Customer Support : No Opinion

Overall Rating : 10
I have been playing bass since about 1990 and this is the only bass head I've ever owned. I bought it because it looked cool, was 'vintage' and was cheap. I've played 'em all though, Hartke, Acoustic 360, HiWatt 100, Ampeg SVT, you name it. None compare to the dirgy-like sound I can get out of this at a reasonable volume without a pedal. It's simple, it was cheap (when I bought it) although have been seeing these things climb in price over the years, and it is remarkably reliable. Siskel and Ebert would give this amp, two thumbs up!


Product: Kustom K200B
Price Paid: US $25 used
Submitted 06/13/2000 at 08:31pm by Bibber
Email: bib at nettally<dot>com

Features : 2
Vintage? My guess is late '60s to mid '70s. I have used this amp as either my main bass head or 2nd bass amp since purchasing it for $25 in 1984. I have also run guitar (through pre-amp or pedal/zoom box) through it. It is set up wierd -- a low and high input for 1/4" lead on each of the normal and bright sides. The bright side has never worked correctly. The bright side has a messed-up reverb thingy. The bright side is set up with the following rotary pots: reverb, speed, volume, bright (choose between on and off), intensity, bass, and treble. I never, ever use the high side...which seems to be set up for guitar...because of the reverb noise glitch defect. The normal side I take to be set up for Bass. The normal side is nice and simple: Volume, bright (choose between on and off), bass, and treble. I play various bass styles...from jazz to blues to mostly rock and especially harder stuff, e.g., metal, hardcore, etc. When I occaisionally play guitar through it, I basically play clean semi-crunchy rock'n'roll (but I would not suggest this amp, especially the normal side for guitar). The bright side has a foot switch input for? I assume the reverb (never messed with it). The back has a line out (in addition to 1/4" outs to speaker cab) but it is neither a 1/4" nor rca, not sure what (never messed with it). I typically play a Fender Jazz Bass, an Ibanez SDGR800, Gibson Flying V Bass, or Gibson EB-O through it into a Fender Dual Showman (2x15). I use it for both rehersal and for club dates. It is more than loud enough for small clubs (200 person venues e.g. Cowhaus, Tallahassee). It is not really versatile or feature-full. Think straight-forward no-brains (perhaps that's why the 'bright' side doesn't work).

Sound Quality : 7
The sounds are to me, dated, and I don't record with it (altough I guess with my sansamp preamp, I could, but I'd rather go d.i. with it. 98% I use the normal side low input with bright knob turned on and I vary the amount of bass and treble to style and bass. This is the bad ass for all-out heavy bottom loud Thick, thick bass -- turn the bass knob up. But no teen-age V scooped out e.q. available, particularly with inactive pick ups or no dedicated pre-amp...turning the treble up and cutting the bass produces more definition but I would not use it for Stanley Clarke imitations! But if your tastes run to Sabbath, Deep Purple, Kyuss, etc. This is it. Warning, no nice glassy tube sounds, like Ampeg...this is definitely less colorful and a bit duller.

Reliability : 10
Most dependable and durable amp I've ever had or used. Finally, a month ago, it didn't work right. Volume potentiometer replaced and it's back to 'normal.' As I said above, I don't know what's wrong with the 'bright' side, and I don't care. It came with a cigarette burn or two in the naugahyde tuck and roll, but for the price, who cares? I have taken it to gigs with out a back-up but my paranoia dictates not to do so, but so far unwarranted.

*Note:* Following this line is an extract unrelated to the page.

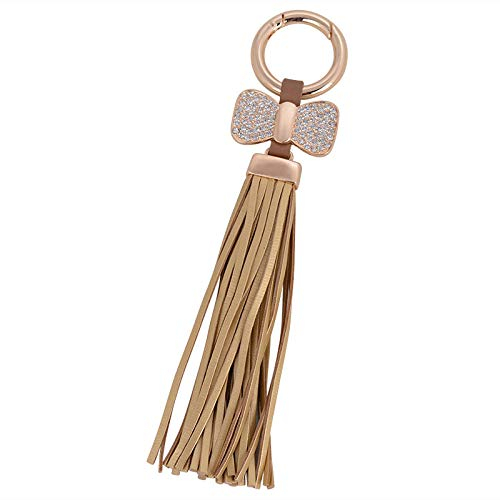 LZHLMCL Schlüsselanhänger Damen Bowknot Leder Quaste Schlüsselbund Autotasche Anhänger Anhänger Kleines Geschenk Gold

Customer Support : No Opinion
Well, I guess they are (back?) in business now. And perhaps a bit trendy, at that. Never called them. Never saw one in a store until about a year ago.

Overall Rating : 8
I have been playing too long to remember, but not long enough for you to know me! When I dream, I would like to acquire a Mesa Boogie Bass Amp or perhaps, really just a nice power amp, like a crown or two, preamp with a demeter, and that's enough for any venue, let the PA do the work...it's a pain carrying the bass equipment. I have a Trace Elliot Combo for a stage back up, but it doesn't quite have the bottom of the kustom into the dual showman. When I play guitar, its SG or Les Paul through the sansamp into a Sovtek MiG60 into either Crate 4 x 10 or the Dual Showman (I like the latter). My Guitar Dream amp would be something like a mesa Boogie plus a Fender Champ (one overdriven, one clean) through 2 2 x 15 cabinets in tandem (like to hear the crunch with the articulation - more taste and less filling). Right now, I seem to be acquiring more studio-oriented crap, like tube-preamps...I don't bother with them for rehersal and I sure would not take them on stage! My ideal stage set-up is simplicity! (I diddle on the recordings!)


Product: Kustom K200B
Price Paid: N/A
Submitted 11/01/1999 at 11:31pm by John Compton
Email: JcsShane at aol<dot>com

Features : 8
Why can't an amp just be a great amp? No whistles and bells - effects until your ears bleed - and more confusing setting than my new VCR! I've been playing these great amps for 30 yrs and will never stop! They are just great bass amps!

Sound Quality : 8
Solid - full - throaty - more sound than you will need - clean - and mean! With the 2 JBL 15" speakers and the option of bright or normal I get all the variety I need. The use of the reverb gives me unusual bass effects without the need for add on after add on. Not the most versatile amp I've played - But clean all the way!

Reliability : 9
I've been beating on these amps forever and they have never failed. The only replacement has been the jewel lamp and a side handle! I used to bring back up amps to most of my gigs - not for along time now - if the amp where to fail, I'd probably pass out in disbelief!

Customer Support : 1
The need for info on these amps - though never really needed - is best found with the vast users dedecated to the vintage beauties! I would sooner stick my appendages in a meat grinder than try to gleen any type of support or help from the service dept. It's unfortunate, a little kindness would go a long way in the continued success of the new owners. Good Luck

Overall Rating : 8
I think you can all get the idea I like my Kustoms!